There is a question in SE about the fact that the Hamiltonian isn't invariant under the EM gauge transformations. I wanted to ask about its consequences here.
I know that in general, the Hamiltonian and wave functions would transform under the gauge transformation in such a way that the Schrödinger equation remains true. Specifically, if under a gauge transformation $H$ goes to $\tilde{H}$ and $\psi$ goes to $\tilde{\psi}$, We still have: $$ \tilde{H} \tilde{\psi}=i\hbar\partial_t\tilde{\psi}$$
Also, I know under a time-independent gauge transformation, if $\psi$ is a eigenstate of Hamiltonian with energy $E$, the $\tilde{\psi}$ would be the eigenstate of $\tilde{H}$ with the same energy. So the energy spectrum of Hamiltonian is invariant under the time-independent gauge transformations. But what confuses me, are the time-dependent gauge transformations. It can be seen that under the gauge transformation $$(\phi,\mathbf{A})\to(\phi+\partial_t \lambda,\mathbf{A}-\nabla \lambda)\qquad (1),$$ the eigenvalue equation for the Hamiltonian transforms to: $$\tilde{H}\tilde{\psi}=E\tilde{\psi}+\partial_t\lambda(x,t) \tilde{\psi}\qquad (2)$$ The derivation of this relation is appended at the end of the question. So as it can be seen $\tilde{\psi}$ isn't anymore the eigenstate of the Hamiltonian and it seems that the energy spectrum would also change. I mean that even the energy differences would change under this gauge transformation.

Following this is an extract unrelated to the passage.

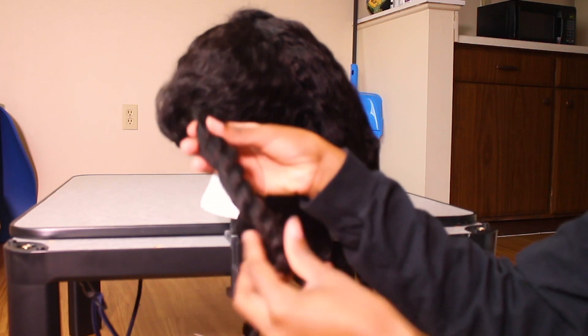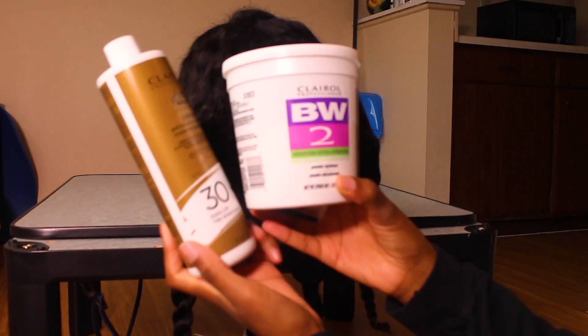I bleached the hair with 30 volume developer and bleach. Everyone knows bleaching will inevitably cause some damage, but I wanted ginger curly hair. I also want to note: if you bleach and dye straight hair it's less noticeable, but bleaching curly hair will loosen the curls. So if you're trying this hairstyle, just know you're going to get looser curls — if that's a problem, I probably wouldn't dye this hair.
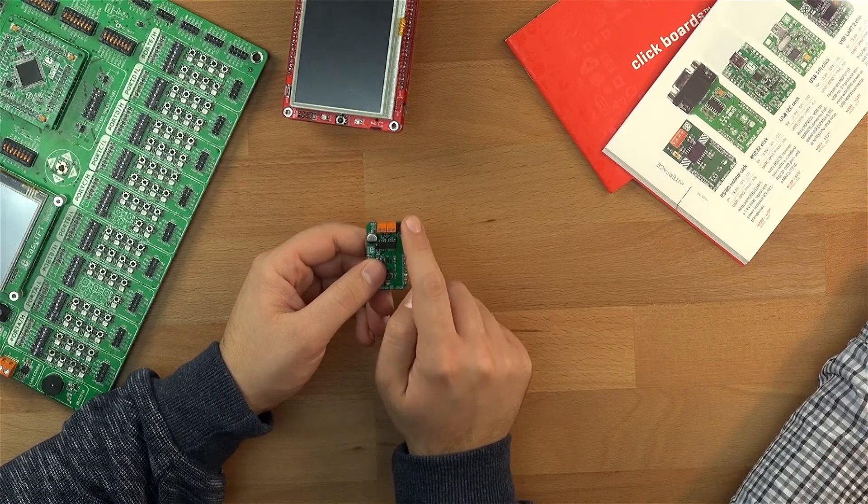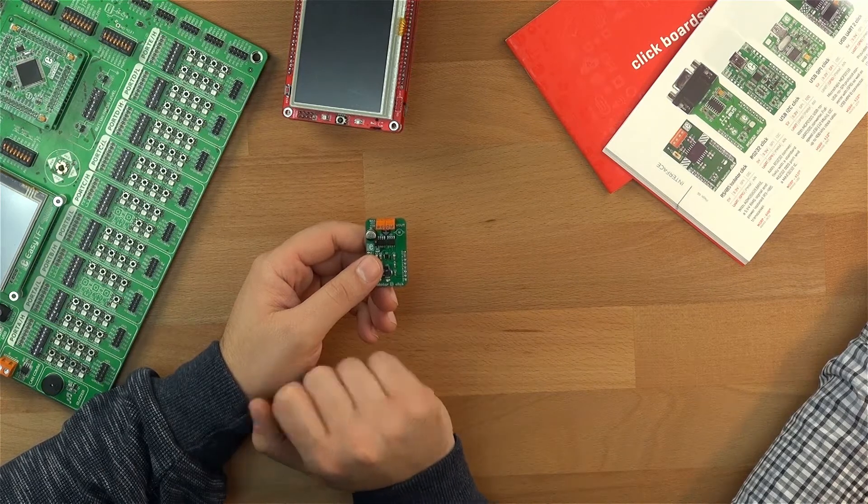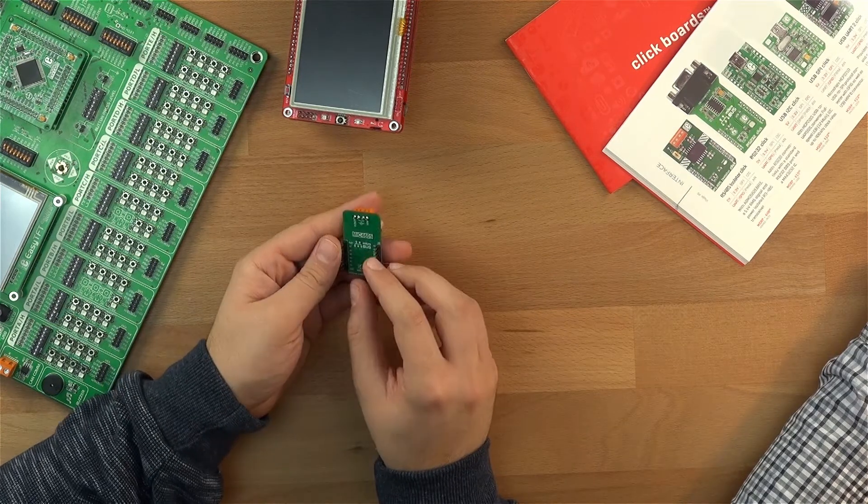The V-Auto terminal is used to connect the motor, and the voltage from the V-In terminal is used to power the motor. The click board itself is powered from the mikroBUS socket.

This somehow looks odd to me. Take for example the hydrogen atom. On one hand, we know that the $13.6$ eV can be measured in experiment, or the energy differences between various level can be observed with spectroscopy techniques, but on the other hand they are somehow dependent on the gauge we choose. Take into account that gauge transformations doesn't represents a physical change in the system like changing the observer, but it's just a reformulation of the same problem. It seems that even the orbital shapes would change under time-dependent gauge transformations.
Is the above reasoning correct? Is energy deference an observable physical quantity or not? or maybe only the eigenvalues of time-independent Hamiltonians represents the energy levels of the system and we should look at time-dependent Hamiltonians as just the time evolution generator and do not relate its spectrum to energies of the system. Can someone clarify the situation?
Proof of Eq. 2:(I have set $\hbar=e=1$ for simplicity)
Suppose that $H=\frac{(p-A)^2}{2m}+\phi$ is the systems Hamiltonian in the original gauge and $\psi$ is one of its eigenvectors with energy $E$, so in the position representation: $$H\psi=[\frac{(-i\nabla-A)^2}{2m}+\phi]\psi(x)=E\psi(x),\qquad (3)$$ Now consider the gauge transformation which is given by Eq. (1), under which the Hamiltonian transforms to: $$\tilde H=\frac{(p-A+\nabla \lambda)^2}{2m}+\phi+\partial_t \lambda$$ and also the $\psi$ wave function would go to: $$\tilde \psi(x,t)=\exp{[-i\lambda(x,t)]}\psi(x,t)$$ It is easy to see that: $$(-i\nabla-A+\nabla \lambda)\exp{[-i\lambda(x,t)]}\psi(x,t)=\exp{[-i\lambda(x,t)]}(-i\nabla-A)\psi(x,t),\qquad (4)$$ If we operate the $\tilde H$ on the $\tilde \psi$ form left and use Eq. 4 twice: $$\tilde H \tilde \psi =\exp[-i\lambda(x,t)]\Big(\frac{(-i\nabla-A)^2}{2m}+\phi\Big)\psi(x,t) +\partial_t \lambda\exp[-i\lambda(x,t)]\psi(x,t)$$ but the expression in the big parentheses is just the original Hamiltonian $H$ and according to Eq. 3, it can be replace by $E$, So: $$\tilde H\tilde \psi=E\tilde\psi +(\partial_t\lambda)\tilde\psi $$ which completes the proof.